There is a hypothesis that the primary cause of this untreatable retinal and other eye disease and damage is the production and presence of singlet oxygen and other free radical species. Singlet oxygen and free radical species can be generated during the reperfusion after ischemic injury by combination of light, oxygen, other reactive oxygen species (eg, hydrogen peroxide, superoxide) or leading to highly reactive NOx emissions have.

Since the primary purpose of the eye is to sense light, the eye receives continuous light exposure. Thus, some untreatable ocular diseases and impairments are due to continued exposure of the eye to light and are associated with a highly oxygenated environment in the eye.

The light sensing process is initiated in photoreceptor cells. Photoreceptor cells are components of the neuron outer layer of the retina, a component of the central nervous system. Photoreceptor cells are well protected at the center of the eye and are structurally protected by sclera and are influenced by the overlying uvea (uvea), which is affected by the blood-retinal barrier of the retinal pigment epithelium It is safely protected.

The primary function of photoreceptor cells is to transduce light into physico-chemical signals and to transmit these signals to other neurons. During the transduction and transmission process, the metabolic activity of these neurons changes drastically. Although photoreceptor cells are safely protected from the inside of the eyeballs, these cells are easily accessible to light because their primary function is photodetection. Excessive light energy reaching the retina can cause damage to the neurons, directly or indirectly, by disturbing the metabolic system of photoreceptor cells.
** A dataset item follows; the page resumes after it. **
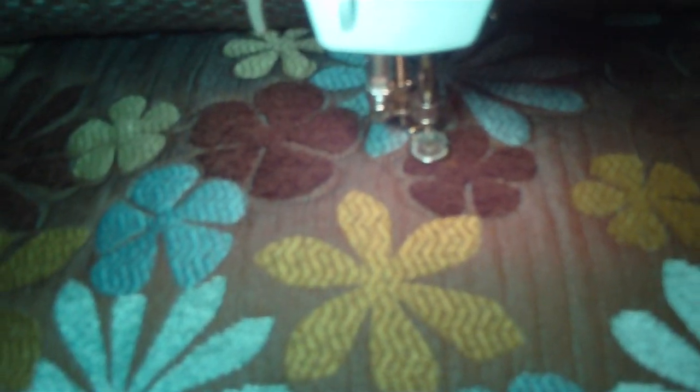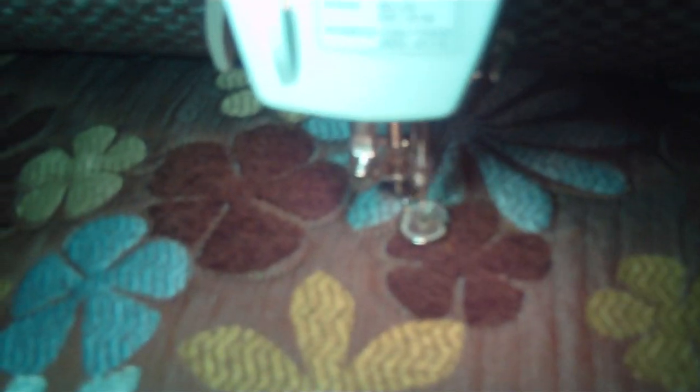Okay, I'm gonna turn Gracie on and let's go around one of these flowers here. I turn off the machine and then I have to cut the thread, and then I move over and I can probably do this whole one.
The combination of continuous and / or excessive exposure to light and relatively high oxygen concentrations in the eye produces singlet oxygen and other free radical species. Singlet oxygen and free radical species may be generated by enzymatic processes independent of light exposure. Free radical species and singlet oxygen are reactive entities capable of oxidizing polyunsaturated fatty acids. The retina contains the highest concentration of polyunsaturated fatty acids in any tissue in the human body and the peroxidation of polyunsaturated fatty acids in the retinal membrane due to hydroxy radical (OH) or superoxide (O ₂ ) radicals is an additional free radical species Lt; / RTI > These free radical species can cause functional damage of the cell membrane and cause temporary or permanent damage to retinal tissue. Therefore, there is a theory that the production of singlet oxygen and free radical species is a pathogen of post-ischemic reflow injury. In addition, incomplete removal of these reactive free radical species can contribute to a variety of ocular diseases.
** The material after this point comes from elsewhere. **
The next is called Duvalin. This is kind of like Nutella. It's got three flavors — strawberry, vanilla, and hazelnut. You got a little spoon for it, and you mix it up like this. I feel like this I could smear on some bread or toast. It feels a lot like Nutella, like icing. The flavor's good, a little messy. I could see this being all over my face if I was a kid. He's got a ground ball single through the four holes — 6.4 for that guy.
Many natural mechanisms protect photoreceptor cells from photodamage. For example, the ocular medium (including cornea, liquid, lens, and vitreous) filters most of the light in the ultraviolet region. However, after cataract extraction or other surgical procedures, some of these protective barriers are removed or disturbed, making the photoreceptor cells more susceptible to damage by radiant energy. Photoreceptor cells also possess antioxidant compounds to disrupt other protective forms of photodamage, for example, free radical species caused by light. As described below, antioxidants that quench and / or scavenge singlet oxygen, hydrogen peroxide, superoxide, and radical species minimize damage to photoreceptor cells. The most important area of the retina that needs this protection is the central or central region of the macula. Although some protective mechanisms exist in the eye, the main cause of blindness in the United States is senile photoreceptor degeneration. Clinically, photoreceptor degeneration is causally related to overexposure to high energy UVA and UVB ultraviolet light, as seen in senile macular degeneration. The cause of senile macular degeneration, which is characterized by visual loss due to loss of photoreceptor neurons, is still under investigation. Epidemiological studies have shown that senile photoreceptor or senile macular degeneration is associated with a variety of factors including age, sex, family history, iris color, malnutrition, immune disorders, cardiovascular and respiratory diseases, and pre-existing eye disease . Advancing age is the most important factor. Recently, aging eyes have proven that the amount of carotenoids deposited on the retina has been reduced. Clinical and laboratory studies show that photodamage is responsible for at least senile macular degeneration due to the cumulative effect of repeated light photodamage, which causes a gradual loss of photoreceptor cells.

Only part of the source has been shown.